Flowers | The duty

I have few memories of the last month.

My sister called me on a Monday evening, I was alone, I was rereading the revisions of one of my translations, she told me dad is dead, I said what, she told me he was dead. It was unexpected. I texted a few people. My friend called me, I have no idea what I said, I hung up. I couldn’t leave immediately for Montreal, there were delays in the delivery of my medication, a special and completely unaffordable medication, paid for, my great luck, by my insurance company. job, which is delivered to me from a specialized pharmacy. When it finally arrived, I injected it and the next day, because I was not functional, the side effects were too intense, the only thing I did was write emails to postpone discounts texts or cancel my contribution to projects. I posted on my class forums, sorry, session canceled, my father died. My girlfriend arrived in the meantime from the city where she lives, I found someone to look after the cats, I left for Montreal, the medicine had been too late so despite the injection, because of the emotions and Everything, I was in such an attack of arthritis that I had difficulty going down the stairs. My hands were blue and pink.

I went to my father’s house, to see my brothers, we started cleaning, I spent time with my sister. The days were blurry, dense. I got food poisoning and vomited for 72 hours: the autoimmune disease and shock made me vulnerable to anything. After not teaching for a week and a half, I felt compelled to return to work. I became obsessed with the question, which turned nonstop in my head, how long can an employee be absent from work when her father dies. Around fifteen students wrote me emails to offer me their condolences, sometimes telling me about their own bereavement. People live with so much death. My father died in his bed, all alone, his sons downstairs, in a house where I spent no more than a few hours, in total, maybe fifteen, well, in the last ten years, because it was too difficult. My father was a brilliant man, he died young, as racialized men die young whose bodies have seen too much, suffered too much, worn too much. In the meantime, despite all odds, I became a university professor, and I couldn’t save anything, even though I tried. Everyone knows: you can’t save your father.

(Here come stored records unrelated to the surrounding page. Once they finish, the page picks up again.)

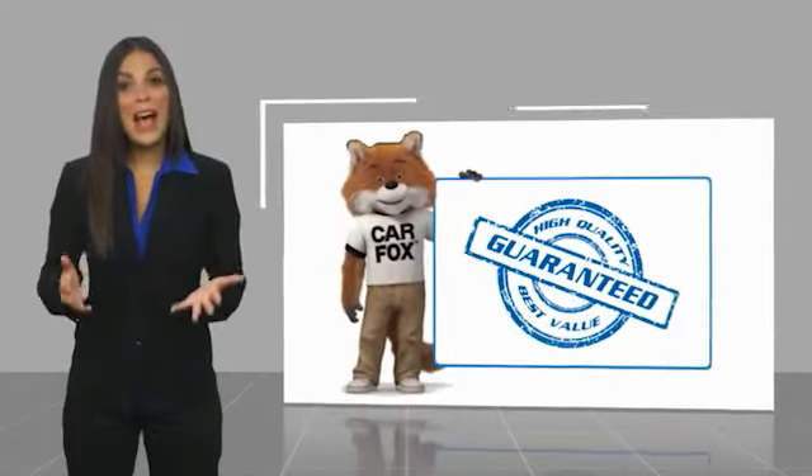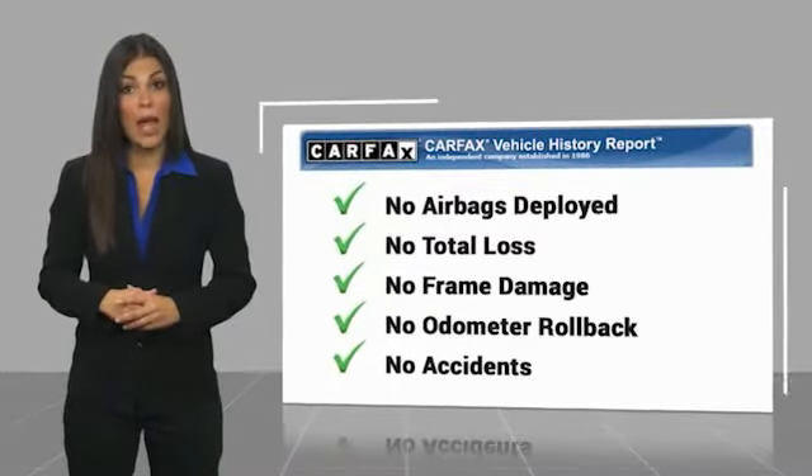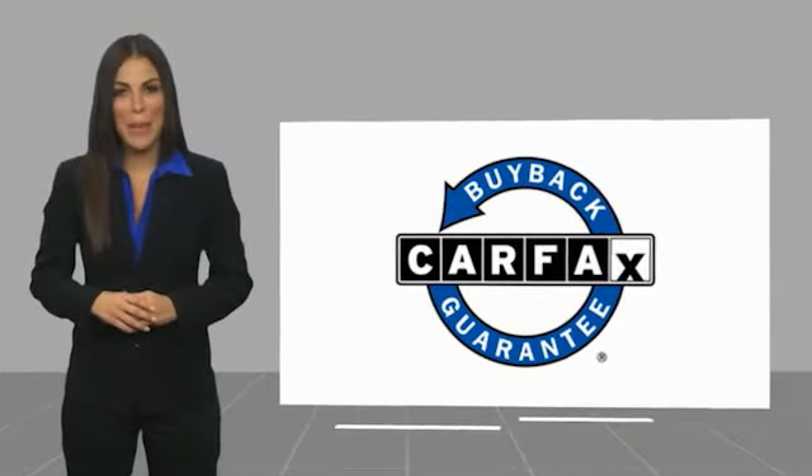Here's another high-quality vehicle with a Carfax Vehicle History Report. Be sure to find a complimentary copy of this report online or contact the dealership. This vehicle qualifies for the Carfax Buy Back Guarantee.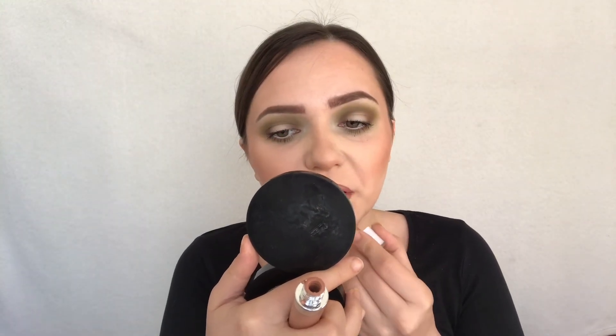For my lips I want to do a full nude lip. I'm just going to slightly line them with Rimmel Cappuccino lip liner. To fill in my lips I'll use Dose of Colors Liquid Lipstick in the shade Sand.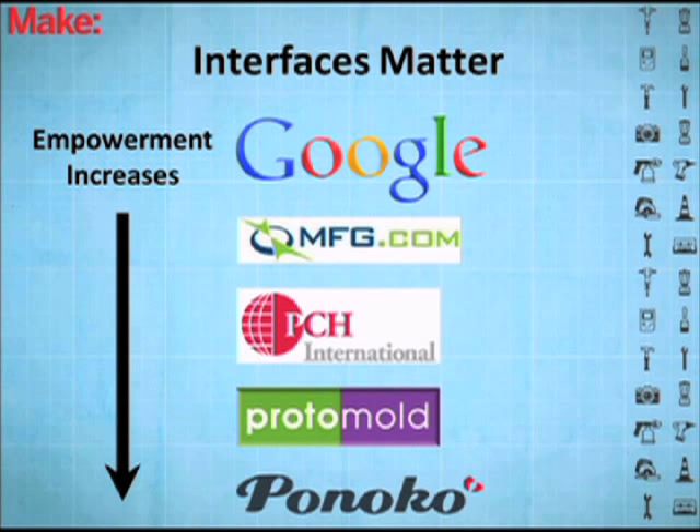There are a bunch of interfaces into this. You can look at your Googles and whatnot — just call and do your legwork. Companies like MFG came up that expose the entire thing, so you can see companies and reviews. We've seen a lot about PCH and all their experience. Then guys like Protomold let you do injection molding almost fully automatically. And then guys like Pinoco — you just put designs in and parts come out. So the engineer is getting closer and closer to manufacturing via technology in each one of these steps.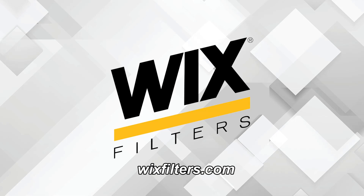This video is sponsored by Wix Filters, manufacturers of filters for automobiles, trucks, off-road equipment, and manufacturing applications. Go to WixFilters.com for more information.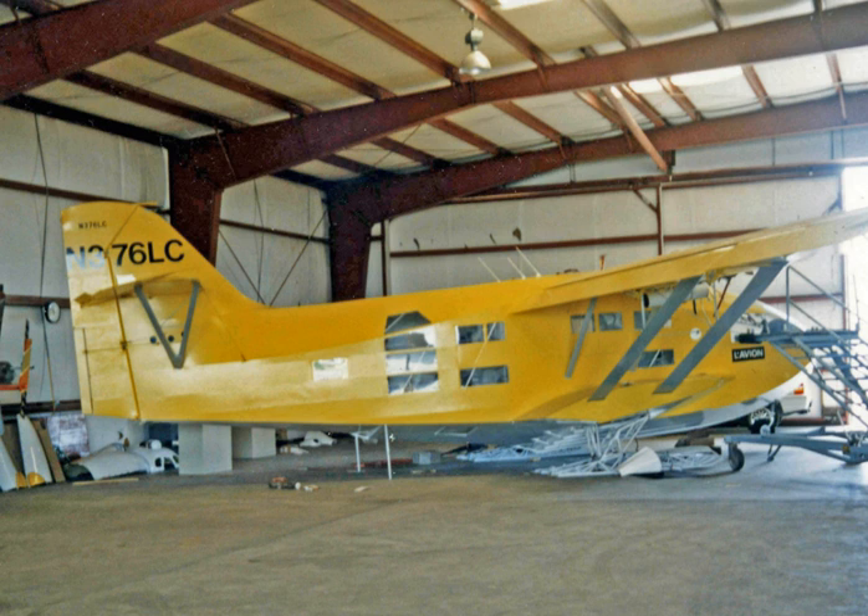A second aircraft was constructed later. The Global Explorer has an unusually deep and wide fuselage design with many glazed areas, and accommodation at the rear for sleeping and other purposes. For added strength, the high-set wings are each supported by brace structures from the side fuselage and from the lower sponsons.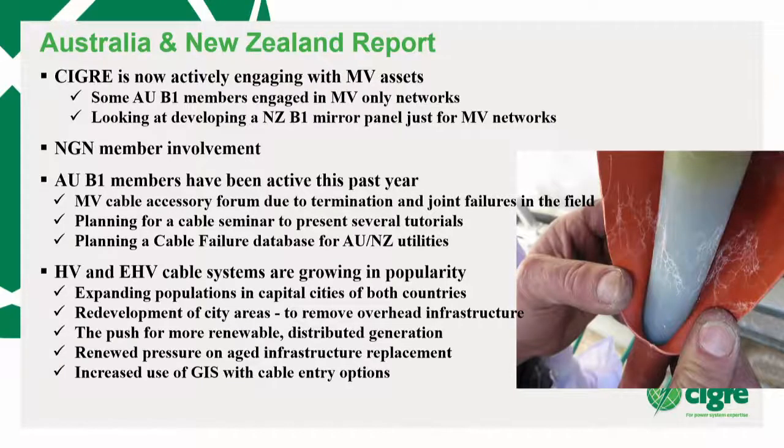HV and EHV cable systems are growing as we rebuild different parts of our cities. There's a whole lot of 'not in my backyard' happening now with tech-savvy customers that don't want towers sticking out, so the overhead lines are going underground. Internationally, 500 kV underground is business as usual — that's AC. For DC, they've settled at about 680 kV, but they're playing with 800 kV.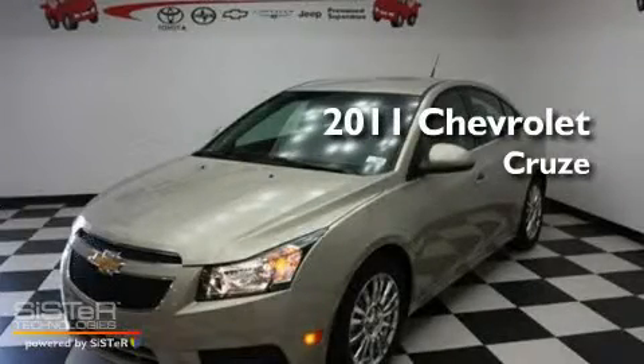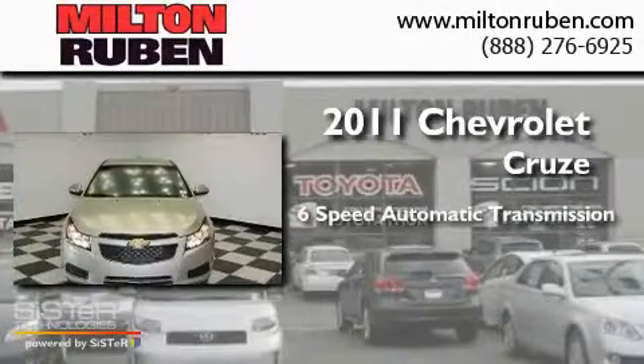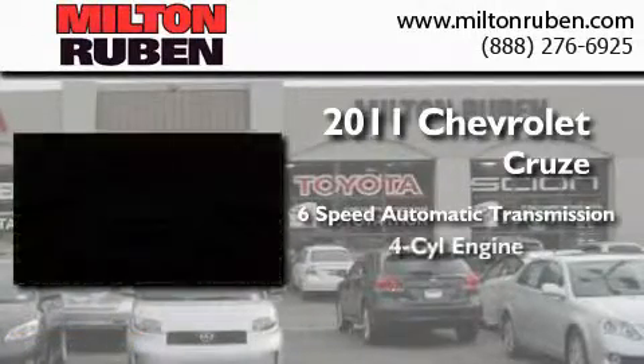This is a brand new 2011 Chevrolet Cruze. This car has a 6-speed automatic transmission and a 4-cylinder engine.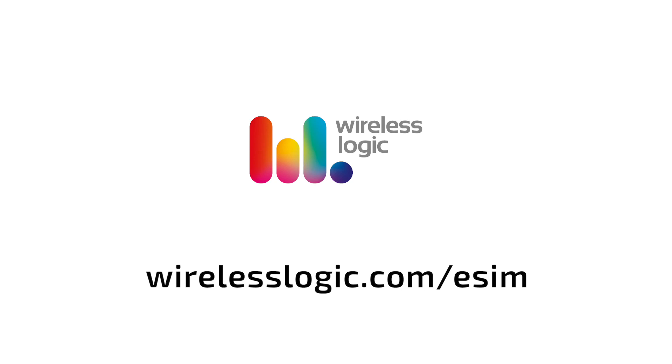Visit WirelessLogic.com/eSIM to book a call with one of our technical experts today.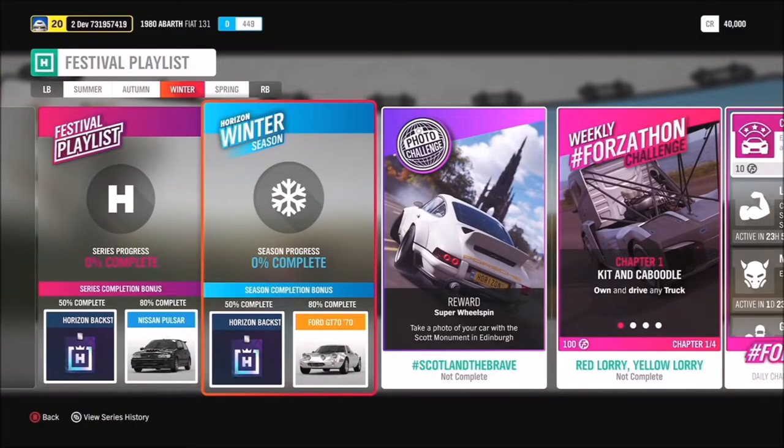For winter, at 50% you can get another Horizon Backstage Pass, and at 80% you've got the Ford GT70. The photo challenge is hashtag Scotland the Brave — take a photo of your car with the Scott Monument in Edinburgh.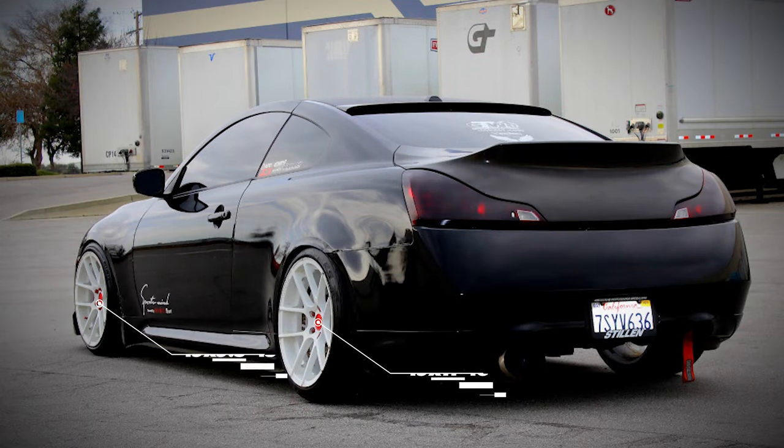To wrap up this category, we have a 2008 with some Avant-Garde M510s. Now these are 19 by nine and a half plus 15 in the front, and a 19 by 11 plus 18 in the rear. Tire sizes are 245/40 and 265/35, and then sitting on some Megan Racing coilovers. Fenders rolled and pulled.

When I came back to class, just before I started class, some students gave me a bouquet of flowers, and they told me they would understand if I couldn’t teach. I tried to start the session, my voice cracked, I took a few breaths, and I regained my train of thought. Later, back in my office, the administrator of my department came to bring me a second bouquet of flowers, from students from my other group that I was seeing later in the day. This session focused on Emma’s book, by Marie-Célie Agnant, a novel which speaks of transmission, of testimony, of the role of black women who have to speak for other black women who have disappeared, swallowed up by the system, whose lives and bodies bear the marks of violence of the health system, the legal system and the legal system. Several came to me before class to offer their condolences, others waited until class ended to do so.

I thought a lot about their gestures, their flowers. To their concern, to their empathy. At their age, I know I wouldn’t have done that, giving a teacher flowers because she was sad. I’m happy to appear human enough to them so that they want to be human, too. Their flowers were for me, for my father who they will never know and about whom I have not spoken to them. His name was Joel.